Aber an diesem Tag im Sommer, da feierte man zusammen.
Er, als Palästinenser, konnte den „dresscode“ der scheinbar so “Einigen” eben lesen.
Die (nicht nur) deutsche Linke:
Hat sie mit “Rojave” jetzt das, was andere an “Gaza” haben?
Wobei es schon sehr merkwürdig ist, dass man mit den Kurden ja „Kollaborateuren“ huldigt.
Oder wie will man Leute nennen, deren Kids als Berufswunsch mehrheitlich „Pilot bei der US-Airforce“ angeben?
Und die so gar nichts gegen Israel haben?
Ja, natürlich, auch für sie, die um ihre Existenz und eine anderes “Leben” kämpfen, als das IS für sie vorsieht, Empathie und Unterstützung.
Diesen Kampf aber führen viele andere Menschen, leider oft vergeblich, und fast immer ohne jedwede Unterstützung, in Syrien schon allzulange.
Und daher lautet die viel wichtigere Frage:
Warum dieser kollektive Anfall von Empathie gerade jetzt?
Wo es doch seit mehr als 3 Jahren mehr als genug Leute gegeben hätte, die eben diese mehr als verdient hätten.

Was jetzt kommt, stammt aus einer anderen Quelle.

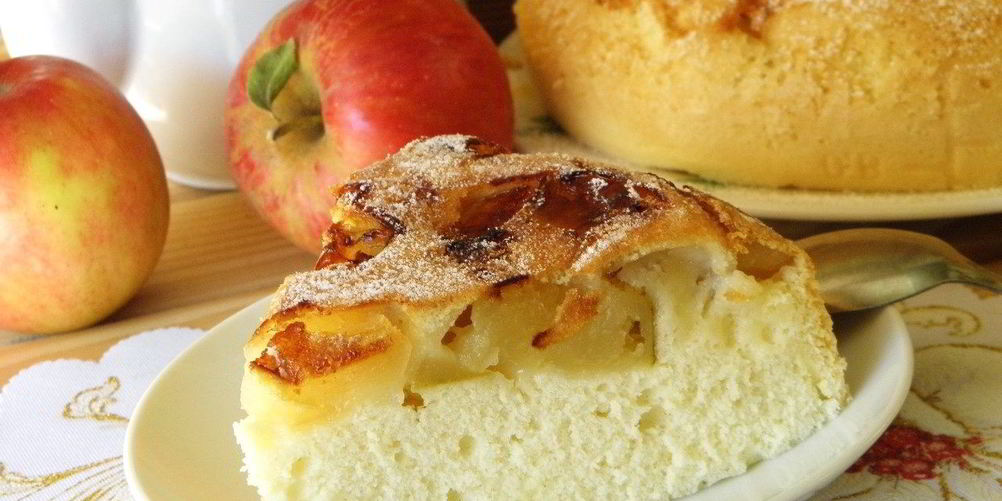 Рецепт шарлотки с яблоками в мультиварке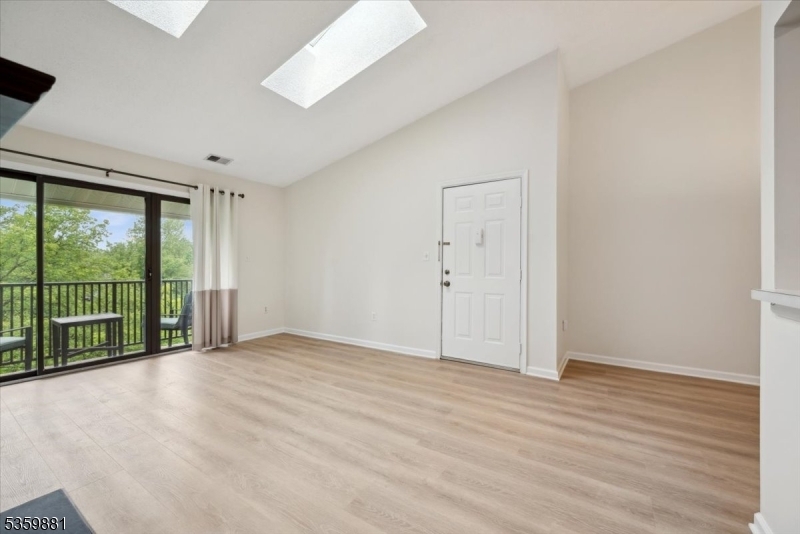 Property Photo:  218 Irving Pl  NJ 07920 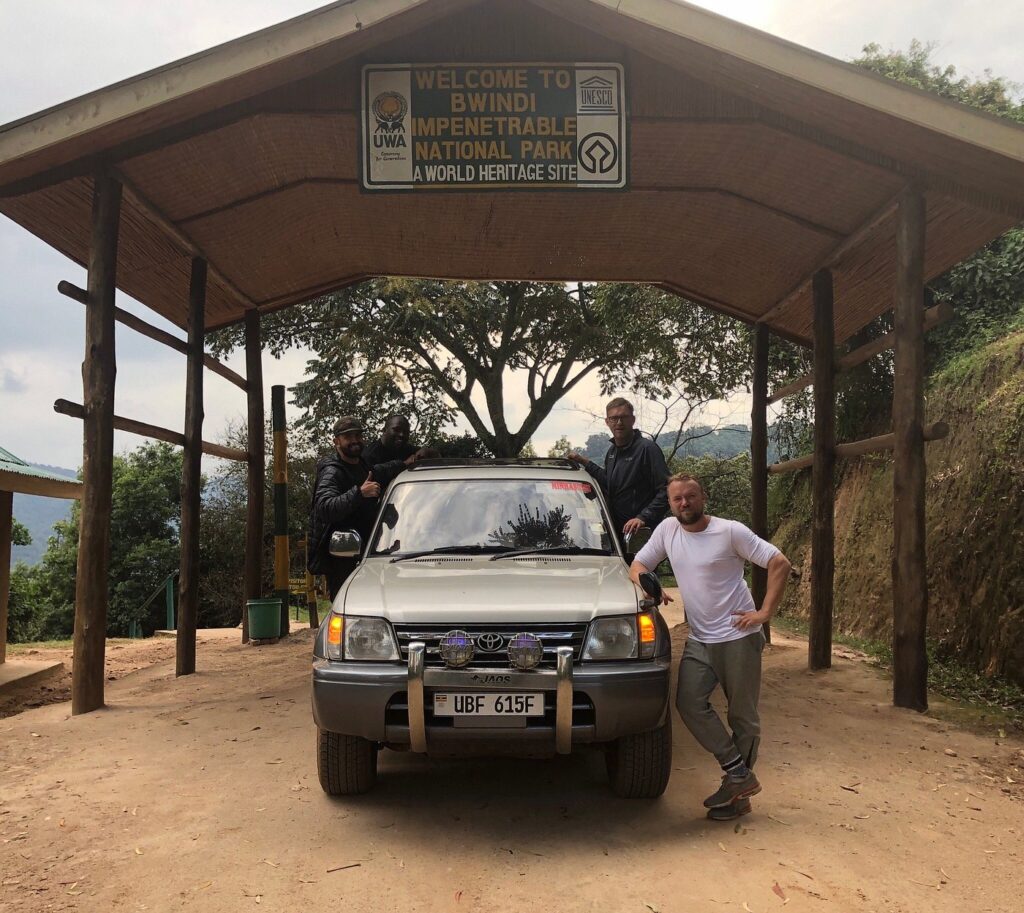 Reliable Land Cruiser Prado (TX/TZ) Rental for self drive safaris in Uganda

Kommt sie deshalb verspätet und nachholend, weil man solange gebraucht hat, seine eigenen liebevoll gehegten Anti-Imp-Reflexe zu überwinden?
Wohl kaum.
Es scheint vielmehr so zu sein, dass IS als der „böse Wolf“ gerade recht kommt, um jetzt die Kurden als “good guys“ oder, leckerer, als „good girls” zu adoptieren.
Deren durch die “linke” und linke Solidarität fast schon peinliche Umarmung läuft im Prinzip aber genau auf das raus, was die Stossrichtung der Obama-Politik ist:
Qua medienwirksamem Engagement gegen den bösen IS davon abzulenken, dass man sich nicht mit Assad konfrontieren will. Und Iran als „Ordnungsmacht“ hoffähig zu machen.
Schlimm.
Statt „Morgenröte“ eher Alpträume: Denn das war vom Anfang der Tragödie an das Kalkül eines Assad.